I built the round House as well as the water tower for Tom Miller's layout for those of you that have see pictures in the May/ June and the July/Aug Narrow Gauge and Short Line Gazett. I have made changes to the structure since I made Tom's by adding pilasters on the ends of the walls and 3 through the middle at each step. It add a shadow effect and breaks up the long flat wall. The engine house is just 2 of the outside walls with a fixed width. I also make a stagger stall engine house too. 

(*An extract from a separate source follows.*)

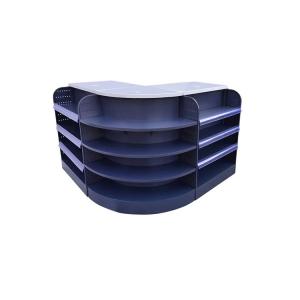 China Checkout Counters Convenience Store Checkout Counters for sale factory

One thing I forgot to mention is that both the round house and the engine house are for the most part cast in resin. The only thing not resin are the under roof supports, and the support beams between each stall everything else is resin cast, the staggered stall in the engine house is made out of plywood. The only thing that I don't make here is the metal hinge, I out source that. 

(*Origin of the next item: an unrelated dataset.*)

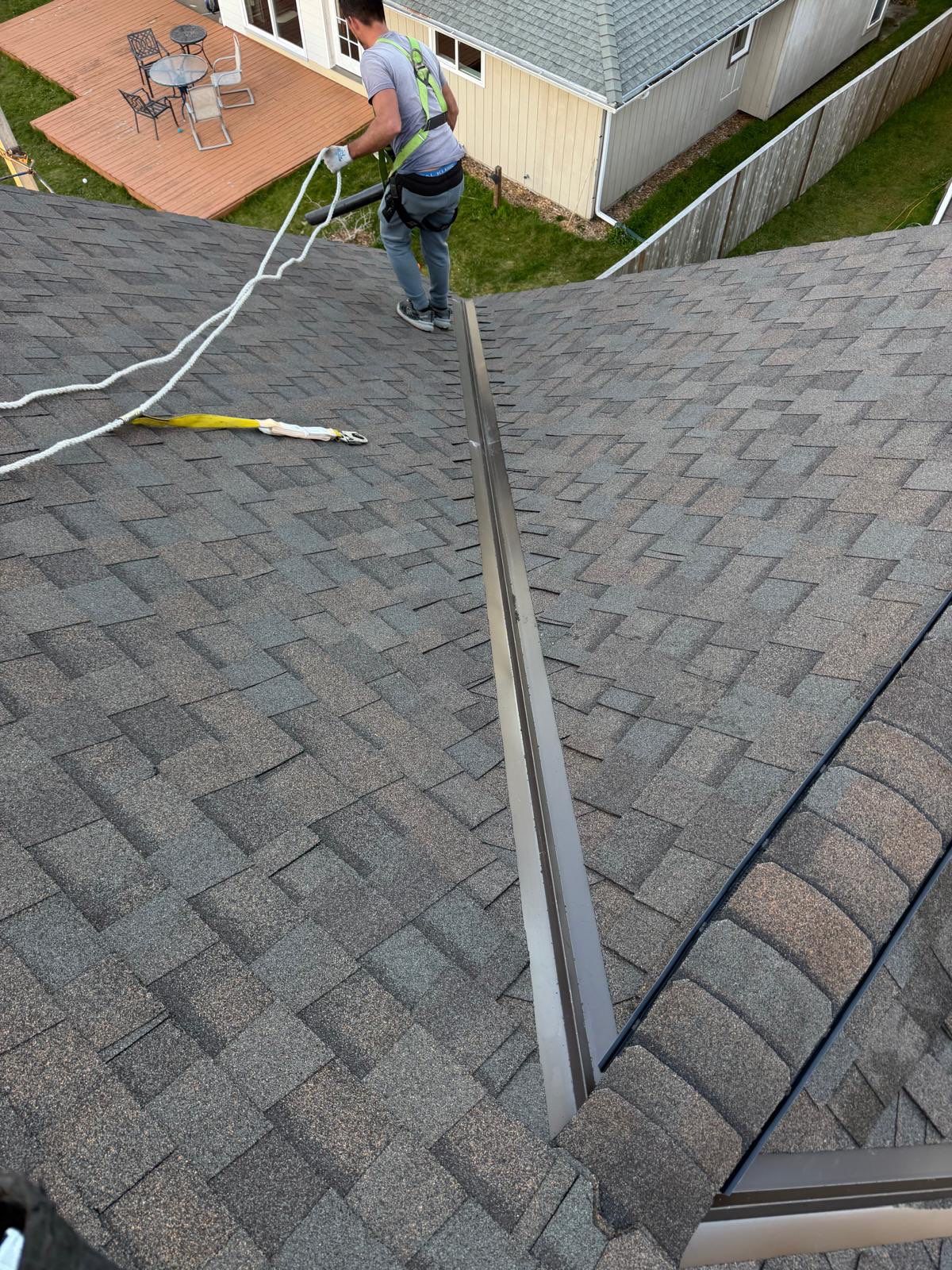 Residential Roofing Installation using GAF UHDZ Shingles by Roofing Formula LLC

Again thanks for looking and would like to hear what you think about the buildings you can see more at mcwwerks.com, Joe


----------



## CCSII (Jan 3, 2008)

Joe- 

Your stuff looks fantastic, just wish I were rich and could afford some of it.


----------



## Matt Vogt (Jan 2, 2008)

Hey Joe, 
I agree that your structures are all top notch - just beautiful! 
I understand why your prices are what they are. 'Labor intensive' does not begin to describe your construction process. That being said, I am sure you realize that the number of people that can afford to invest in your museum pieces will be somewhat limited. If those people find your product, quality won't be an issue. I believe your prices are reasonable, although I am unfortunately not part of that demographic./DesktopModules/NTForums/themes/mls/emoticons/blush.gif" border=0> 
I wish all the best to you, 
Matt


----------



## Torby (Jan 2, 2008)

Wow. Those are beautiful.


----------



## Guest (Sep 21, 2008)

yup im impressed,i need a 9 staller.... 
Nick


----------



## CCSII (Jan 3, 2008)

Joe- 

Looking back at my post it might read as snarky, it isn't. I know the value of your time and efforts and the buildings and your water tower are top notch, I just can't afford them. 

Best of luck.


----------



## San Juan (Jan 3, 2008)

Just spectacular. If I was into 1:20.3, a three stall would definitely be on the wish list. 

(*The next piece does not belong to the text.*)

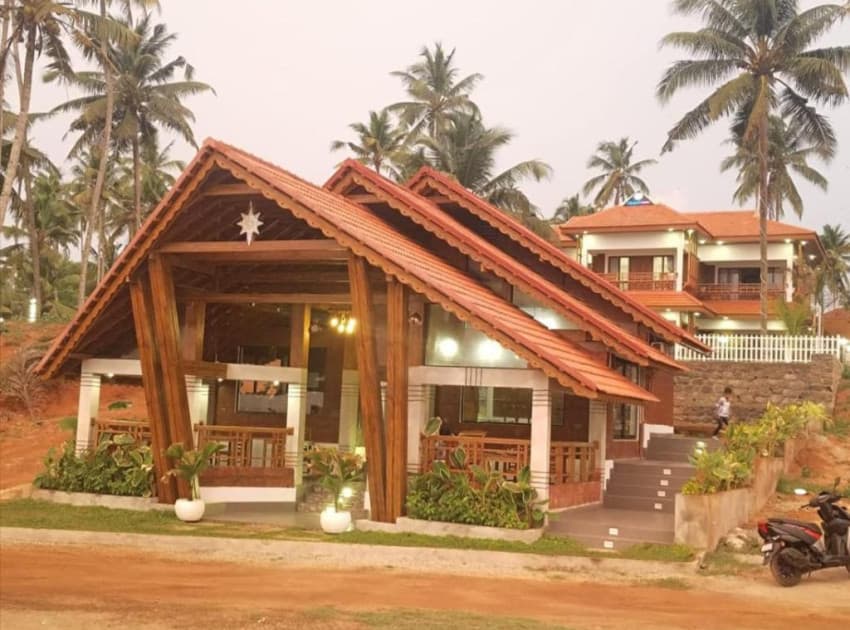 Book Deluxe Double Room with Sea View room in Varkala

What is the roofing made from and how is it attached? The plastic roof on my Pola round house gives me fits, maybe because I want it to be removable.


----------



## Guest (Sep 22, 2008)

Hi and thanks for your question about the roof panels. I make the roof panel in one of 3 ways to suit the client. If the building is going to be indoors I use hard board with good grade of plywood on edge for the roof stringers. I use plywood because even in doors a solid wood stringer could warp. Plywood can only warp laying flat, and this can easly be fixed on edge. The other 2 roofing materials I use is 3 mm pvc plastic, and at the request of the client I will glue to it alumium sheeting. If they ask for this they are going to leave it out doors for an extended period. I do the under side the same for every roof. When I'm done building the roof sections and I make sure they fit I give them a good flat black painting to seal all the wood and panels. 
During the construction process I make sure the roof fits and each roof section is number to make sure it goes in the exact place I ha it here. I don't know if I mentioned before but every round house is put together here before I pack it for shipping. I do this to make sure it all goes to together right before you would get it. I work out all the kinks so you don't have to. When you get it all you need to assemble it is a phillups screw drive, tin snips for the flashing that is shipped loose, some under roof trim along the rear wall and some silicone to glue it down. 

I know this sound simple but the last one I shipped out the client built complete before the instruction arrived a few hours later. 

Thanks again for your question, Joe


----------